While the IMF noted the breadth of planned tax reforms, it said that revenue yields could be lower due to dilution in Congress.
“Accordingly, staff encourages the authorities to consider lowering the threshold for PIT (personal income tax), raising the VAT (value-added tax) rate, rationalizing tax concessions and exemptions and accelerating the implementation of new excises on automobiles and petroleum products,” it said.
On the upside, approval of the first tax reform package will lead to a sustainable increase in infrastructure investment, the IMF added.
The main systemic risks to financial stability are high credit growth and concentration, it noted.
“Credit growth in the country has accelerated, and although most indicators find no evidence of credit booms so far, some indicators suggest that credit gaps could approach early warning levels in 2017 to 2018,” the IMF said.

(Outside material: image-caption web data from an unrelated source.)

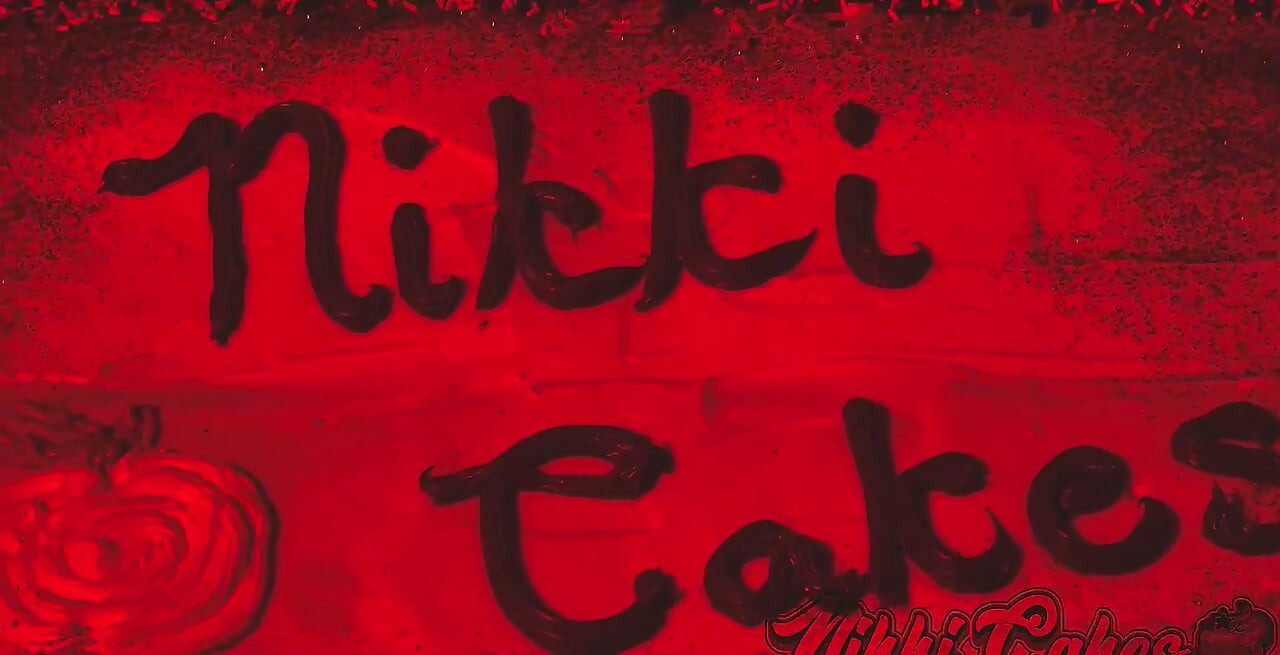 Stacxxxs presenterar: Red Light District Series - Nikki Cakes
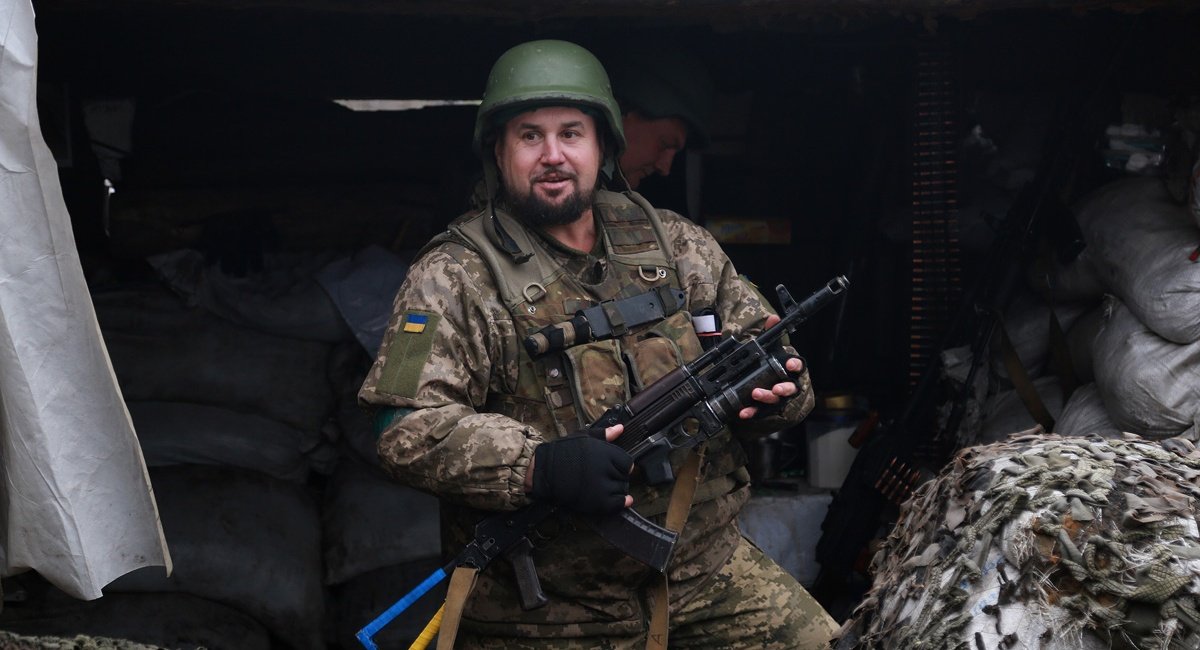 Soldier with call sign "Yakub" from the 30th Mechanized Brigade named after Prince Konstantin Ostrozky who is defending the eastern regions of Ukraine / Photo credit: Joint Forces Operation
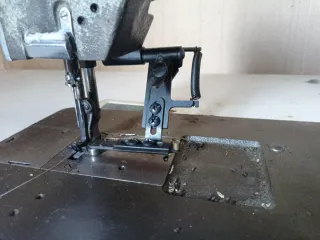 Máquina de coser industrial triple arrastre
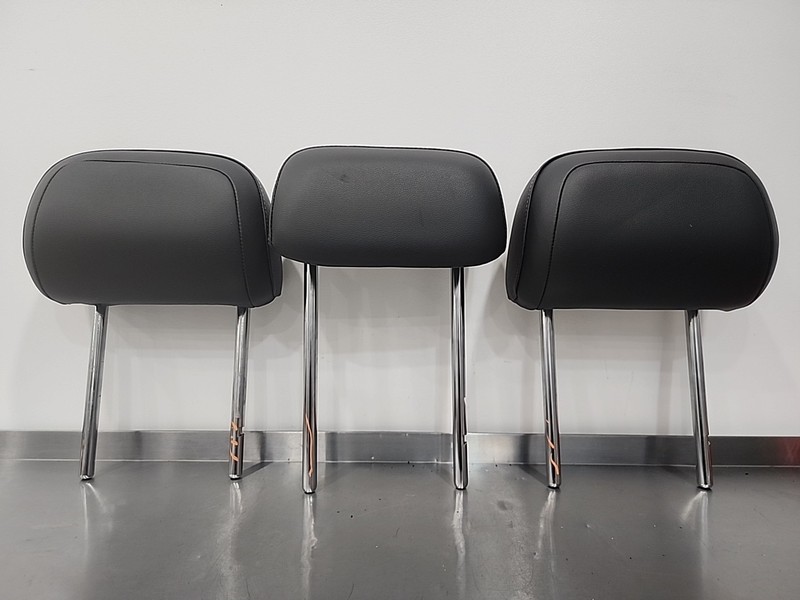 018 - 23 VOLKSWAGEN TIGUAN 2RD ROW REAR SEAT HEADREST SET OF 3 OEM Black Leather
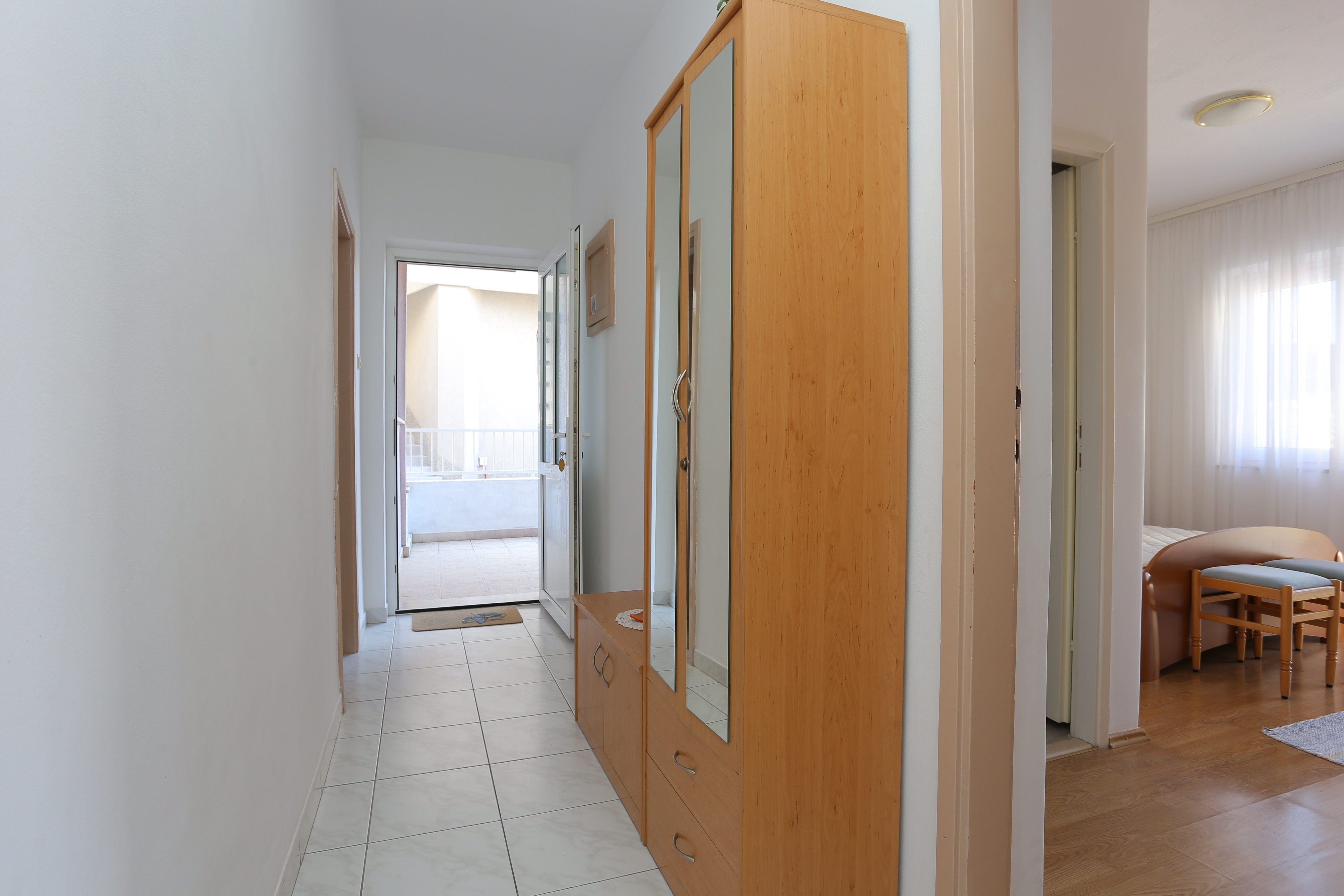 One bedroom apartment with terrace Baška Voda, Makarska  A-a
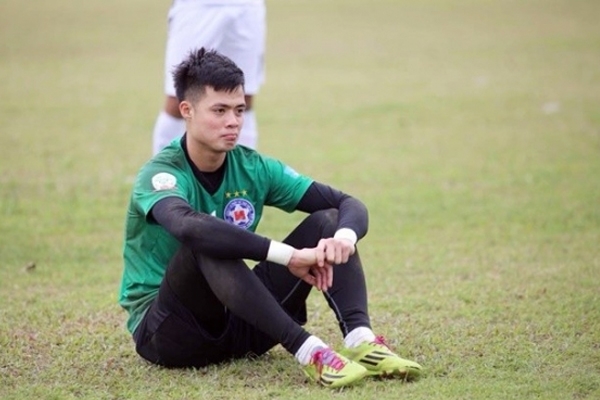 Thủ môn U23 Việt Nam nhận món quà cực ý nghĩa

High credit growth, especially in lending to the real estate and household sectors, merit continued monitoring. The IMF also said some conglomerates and real estate developers had leveraged significantly and shadow-banking activities had expanded.
“Conglomerate structure and data gaps generates challenges to measure concentration but capital market development could help reduce bank loan concentration by diversifying the sources of funding for large conglomerates. Staff supports the authorities’ efforts to have legal access to information on conglomerates’ finances,” it said.
With this, the MF stressed that macroprudential policies should be used to address systemic risks to financial stability.
“In case of a broad-based credit boom, the BSP (Bangko Sentral ng Pilipinas) should raise capital requirements, supported by monetary policy tightening if accompanied by overheating. Targeted macroprudential policies should be used if sectoral credit growth is excessive,” it said.
It also welcomed the early adoption of Basel III guidelines on banks and the role of the BSP’s new financial stability department in mainstreaming macrofinancial surveillance and strengthening the macroprudential framework.
Current monetary policy remains appropriate, the IMF said, but it added that the Bangko Sentral should be ready to tighten if there were signs of overheating.
It also said that a move to unwind high bank reserve requirements would reduce macrofinancial risks.
“However, this reform should be carefully calibrated and timed, and should aim to keep domestic liquidity broadly unchanged,” it added.